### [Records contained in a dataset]
----

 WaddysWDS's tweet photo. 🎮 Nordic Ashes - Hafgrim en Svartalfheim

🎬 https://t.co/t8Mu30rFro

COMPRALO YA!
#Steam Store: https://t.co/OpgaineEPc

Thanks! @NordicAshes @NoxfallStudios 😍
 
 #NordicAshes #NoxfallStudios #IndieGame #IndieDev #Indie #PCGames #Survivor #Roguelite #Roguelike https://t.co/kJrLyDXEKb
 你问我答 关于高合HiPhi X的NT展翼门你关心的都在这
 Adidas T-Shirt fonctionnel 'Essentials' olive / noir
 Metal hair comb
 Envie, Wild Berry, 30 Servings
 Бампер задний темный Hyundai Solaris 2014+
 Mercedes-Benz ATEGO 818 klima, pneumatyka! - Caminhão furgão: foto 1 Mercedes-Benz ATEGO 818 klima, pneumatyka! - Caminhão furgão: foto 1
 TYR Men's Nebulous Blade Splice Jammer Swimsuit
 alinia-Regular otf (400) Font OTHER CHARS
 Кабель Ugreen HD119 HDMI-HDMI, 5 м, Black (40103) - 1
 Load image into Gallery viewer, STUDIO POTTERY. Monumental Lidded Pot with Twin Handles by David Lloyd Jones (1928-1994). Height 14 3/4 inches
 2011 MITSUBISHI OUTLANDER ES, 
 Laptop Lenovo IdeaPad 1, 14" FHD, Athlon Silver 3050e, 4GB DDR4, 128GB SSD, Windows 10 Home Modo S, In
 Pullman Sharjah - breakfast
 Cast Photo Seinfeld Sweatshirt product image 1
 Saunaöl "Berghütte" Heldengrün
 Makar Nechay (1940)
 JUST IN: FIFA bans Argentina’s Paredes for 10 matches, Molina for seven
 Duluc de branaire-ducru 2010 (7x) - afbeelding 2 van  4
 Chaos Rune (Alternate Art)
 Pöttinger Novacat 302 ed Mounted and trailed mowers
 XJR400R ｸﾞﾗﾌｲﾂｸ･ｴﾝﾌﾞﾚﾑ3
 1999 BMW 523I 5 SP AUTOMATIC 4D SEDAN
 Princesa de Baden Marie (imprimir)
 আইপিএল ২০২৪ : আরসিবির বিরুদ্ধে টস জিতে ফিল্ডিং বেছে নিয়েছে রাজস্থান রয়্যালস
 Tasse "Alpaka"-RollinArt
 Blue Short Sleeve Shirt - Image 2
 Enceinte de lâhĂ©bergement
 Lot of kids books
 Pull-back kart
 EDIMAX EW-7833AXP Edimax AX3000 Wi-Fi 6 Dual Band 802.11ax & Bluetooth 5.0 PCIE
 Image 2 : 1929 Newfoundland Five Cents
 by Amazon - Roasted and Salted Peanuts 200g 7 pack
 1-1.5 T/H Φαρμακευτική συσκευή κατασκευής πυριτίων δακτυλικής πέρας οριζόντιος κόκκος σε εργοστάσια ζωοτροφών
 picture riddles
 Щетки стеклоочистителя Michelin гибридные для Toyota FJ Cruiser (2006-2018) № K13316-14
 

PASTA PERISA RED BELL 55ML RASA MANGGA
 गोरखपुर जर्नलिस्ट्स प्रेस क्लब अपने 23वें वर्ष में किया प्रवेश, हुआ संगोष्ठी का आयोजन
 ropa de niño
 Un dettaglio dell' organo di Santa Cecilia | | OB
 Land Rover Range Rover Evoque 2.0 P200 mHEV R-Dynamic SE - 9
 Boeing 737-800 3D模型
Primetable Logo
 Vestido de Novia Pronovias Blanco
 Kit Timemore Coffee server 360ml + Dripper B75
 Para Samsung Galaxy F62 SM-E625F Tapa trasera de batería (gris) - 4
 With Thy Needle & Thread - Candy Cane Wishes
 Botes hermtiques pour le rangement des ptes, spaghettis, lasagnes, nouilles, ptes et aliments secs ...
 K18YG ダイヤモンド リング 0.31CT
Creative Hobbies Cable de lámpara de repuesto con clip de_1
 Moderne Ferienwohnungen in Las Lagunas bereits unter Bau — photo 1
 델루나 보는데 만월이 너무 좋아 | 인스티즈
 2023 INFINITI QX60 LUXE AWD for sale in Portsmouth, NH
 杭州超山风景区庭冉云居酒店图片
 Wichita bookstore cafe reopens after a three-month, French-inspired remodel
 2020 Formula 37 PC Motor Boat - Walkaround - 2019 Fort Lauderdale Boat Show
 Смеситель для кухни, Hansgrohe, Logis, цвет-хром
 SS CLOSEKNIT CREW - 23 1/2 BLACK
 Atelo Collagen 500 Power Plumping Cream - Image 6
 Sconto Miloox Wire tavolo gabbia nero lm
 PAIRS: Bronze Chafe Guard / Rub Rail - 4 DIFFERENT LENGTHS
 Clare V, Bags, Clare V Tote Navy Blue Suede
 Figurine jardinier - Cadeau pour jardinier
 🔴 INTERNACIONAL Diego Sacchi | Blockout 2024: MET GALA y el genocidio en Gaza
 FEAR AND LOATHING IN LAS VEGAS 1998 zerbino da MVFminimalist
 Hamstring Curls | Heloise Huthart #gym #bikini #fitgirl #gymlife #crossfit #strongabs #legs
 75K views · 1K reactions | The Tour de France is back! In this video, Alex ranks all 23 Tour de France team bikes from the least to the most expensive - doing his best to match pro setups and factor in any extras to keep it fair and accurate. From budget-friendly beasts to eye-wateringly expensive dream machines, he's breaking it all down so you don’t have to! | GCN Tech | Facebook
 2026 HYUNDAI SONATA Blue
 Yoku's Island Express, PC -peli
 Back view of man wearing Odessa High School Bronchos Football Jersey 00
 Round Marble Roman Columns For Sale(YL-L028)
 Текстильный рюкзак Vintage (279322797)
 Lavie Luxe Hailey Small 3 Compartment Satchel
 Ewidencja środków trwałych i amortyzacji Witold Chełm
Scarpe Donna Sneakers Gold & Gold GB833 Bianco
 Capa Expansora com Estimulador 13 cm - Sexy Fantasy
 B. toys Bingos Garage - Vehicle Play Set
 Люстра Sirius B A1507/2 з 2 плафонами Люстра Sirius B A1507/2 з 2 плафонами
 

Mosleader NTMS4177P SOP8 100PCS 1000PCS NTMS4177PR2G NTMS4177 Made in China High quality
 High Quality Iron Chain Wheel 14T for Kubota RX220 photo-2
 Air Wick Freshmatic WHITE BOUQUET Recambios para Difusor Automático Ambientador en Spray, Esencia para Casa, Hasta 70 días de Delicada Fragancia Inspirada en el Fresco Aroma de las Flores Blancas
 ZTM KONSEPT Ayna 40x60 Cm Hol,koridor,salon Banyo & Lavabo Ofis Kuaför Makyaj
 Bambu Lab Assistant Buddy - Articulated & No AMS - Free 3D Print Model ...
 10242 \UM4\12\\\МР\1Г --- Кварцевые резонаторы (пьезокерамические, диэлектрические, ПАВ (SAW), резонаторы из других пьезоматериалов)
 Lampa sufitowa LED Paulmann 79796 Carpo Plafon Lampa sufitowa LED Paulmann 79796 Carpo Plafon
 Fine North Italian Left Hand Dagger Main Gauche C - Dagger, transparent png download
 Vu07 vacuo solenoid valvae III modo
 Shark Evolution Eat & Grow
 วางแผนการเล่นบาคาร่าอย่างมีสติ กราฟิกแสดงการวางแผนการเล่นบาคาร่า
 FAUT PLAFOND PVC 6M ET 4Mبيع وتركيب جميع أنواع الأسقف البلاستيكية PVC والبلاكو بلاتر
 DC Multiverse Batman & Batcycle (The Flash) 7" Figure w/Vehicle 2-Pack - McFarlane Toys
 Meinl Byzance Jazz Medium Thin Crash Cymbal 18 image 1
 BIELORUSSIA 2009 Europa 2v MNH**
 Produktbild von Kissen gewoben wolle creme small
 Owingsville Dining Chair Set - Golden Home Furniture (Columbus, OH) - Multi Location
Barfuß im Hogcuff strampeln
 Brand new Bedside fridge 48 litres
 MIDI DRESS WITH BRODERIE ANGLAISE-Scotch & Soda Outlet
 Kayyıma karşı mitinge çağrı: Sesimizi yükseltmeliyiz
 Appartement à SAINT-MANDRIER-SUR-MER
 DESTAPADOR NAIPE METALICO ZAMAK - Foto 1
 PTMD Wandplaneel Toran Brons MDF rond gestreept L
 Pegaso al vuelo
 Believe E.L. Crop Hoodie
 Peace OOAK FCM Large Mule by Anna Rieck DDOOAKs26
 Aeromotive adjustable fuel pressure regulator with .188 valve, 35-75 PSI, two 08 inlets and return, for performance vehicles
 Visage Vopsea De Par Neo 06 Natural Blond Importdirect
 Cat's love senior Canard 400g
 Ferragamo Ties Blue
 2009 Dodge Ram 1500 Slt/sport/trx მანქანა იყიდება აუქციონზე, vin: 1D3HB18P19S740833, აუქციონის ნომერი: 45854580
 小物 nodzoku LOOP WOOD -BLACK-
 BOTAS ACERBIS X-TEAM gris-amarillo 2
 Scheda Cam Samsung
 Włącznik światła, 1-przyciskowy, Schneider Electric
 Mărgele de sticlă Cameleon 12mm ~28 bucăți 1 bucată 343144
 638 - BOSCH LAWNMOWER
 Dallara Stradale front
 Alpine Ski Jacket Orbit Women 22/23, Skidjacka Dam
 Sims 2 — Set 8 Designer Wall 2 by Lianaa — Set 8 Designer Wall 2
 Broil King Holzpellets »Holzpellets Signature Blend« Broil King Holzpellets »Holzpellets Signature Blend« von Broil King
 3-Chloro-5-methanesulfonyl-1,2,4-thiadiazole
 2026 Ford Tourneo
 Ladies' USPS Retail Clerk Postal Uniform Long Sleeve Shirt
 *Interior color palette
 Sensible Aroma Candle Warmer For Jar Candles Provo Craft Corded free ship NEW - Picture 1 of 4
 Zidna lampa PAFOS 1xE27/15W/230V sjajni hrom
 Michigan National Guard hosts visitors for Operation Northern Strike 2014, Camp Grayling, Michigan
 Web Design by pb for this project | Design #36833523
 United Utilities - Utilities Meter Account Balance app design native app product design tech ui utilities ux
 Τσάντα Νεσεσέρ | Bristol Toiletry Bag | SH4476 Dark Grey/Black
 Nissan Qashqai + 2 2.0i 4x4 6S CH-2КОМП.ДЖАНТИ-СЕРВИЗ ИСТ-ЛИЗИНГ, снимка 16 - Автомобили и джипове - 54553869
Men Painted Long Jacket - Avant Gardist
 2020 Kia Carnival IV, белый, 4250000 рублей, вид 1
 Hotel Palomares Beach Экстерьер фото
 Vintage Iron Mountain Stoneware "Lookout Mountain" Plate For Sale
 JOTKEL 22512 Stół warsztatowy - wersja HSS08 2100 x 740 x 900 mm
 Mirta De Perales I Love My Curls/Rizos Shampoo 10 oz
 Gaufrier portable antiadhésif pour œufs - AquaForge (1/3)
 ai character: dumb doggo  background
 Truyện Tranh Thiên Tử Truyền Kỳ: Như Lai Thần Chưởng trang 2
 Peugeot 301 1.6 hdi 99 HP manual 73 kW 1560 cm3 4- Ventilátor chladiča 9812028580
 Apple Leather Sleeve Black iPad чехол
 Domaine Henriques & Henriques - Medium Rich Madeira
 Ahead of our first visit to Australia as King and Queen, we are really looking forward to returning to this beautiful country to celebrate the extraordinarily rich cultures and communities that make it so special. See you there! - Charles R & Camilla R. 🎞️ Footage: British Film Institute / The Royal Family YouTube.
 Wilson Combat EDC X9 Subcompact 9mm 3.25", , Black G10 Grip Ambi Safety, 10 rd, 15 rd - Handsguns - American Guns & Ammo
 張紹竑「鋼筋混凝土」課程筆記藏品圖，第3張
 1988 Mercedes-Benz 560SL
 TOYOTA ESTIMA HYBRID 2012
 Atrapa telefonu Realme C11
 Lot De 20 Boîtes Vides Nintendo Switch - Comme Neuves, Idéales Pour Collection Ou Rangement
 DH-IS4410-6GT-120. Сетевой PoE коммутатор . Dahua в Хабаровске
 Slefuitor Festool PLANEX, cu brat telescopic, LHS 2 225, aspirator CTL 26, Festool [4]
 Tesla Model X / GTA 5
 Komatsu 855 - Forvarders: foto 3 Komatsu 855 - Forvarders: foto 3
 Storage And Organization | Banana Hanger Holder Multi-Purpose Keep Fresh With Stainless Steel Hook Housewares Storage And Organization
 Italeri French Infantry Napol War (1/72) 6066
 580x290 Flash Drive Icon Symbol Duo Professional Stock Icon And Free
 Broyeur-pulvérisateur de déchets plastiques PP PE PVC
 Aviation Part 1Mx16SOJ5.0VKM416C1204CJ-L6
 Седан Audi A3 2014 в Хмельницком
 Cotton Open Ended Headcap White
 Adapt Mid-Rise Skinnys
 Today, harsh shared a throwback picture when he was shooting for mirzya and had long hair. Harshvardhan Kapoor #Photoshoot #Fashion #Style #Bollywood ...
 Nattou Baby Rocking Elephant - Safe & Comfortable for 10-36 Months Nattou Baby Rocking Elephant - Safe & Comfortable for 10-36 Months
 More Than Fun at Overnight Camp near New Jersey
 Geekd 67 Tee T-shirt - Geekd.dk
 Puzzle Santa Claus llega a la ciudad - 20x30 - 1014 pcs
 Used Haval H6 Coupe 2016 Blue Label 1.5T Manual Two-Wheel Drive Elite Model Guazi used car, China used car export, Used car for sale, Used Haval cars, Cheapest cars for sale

----

### [Your goal]
Give again exactly, and only, the lines above starting at the one with "Barfuß im Hogcuff strampeln" and ending at the one with "Appartement à SAINT-MANDRIER-SUR-MER".

### [Task solution]
Barfuß im Hogcuff strampeln
 Brand new Bedside fridge 48 litres
 MIDI DRESS WITH BRODERIE ANGLAISE-Scotch & Soda Outlet
 Kayyıma karşı mitinge çağrı: Sesimizi yükseltmeliyiz
 Appartement à SAINT-MANDRIER-SUR-MER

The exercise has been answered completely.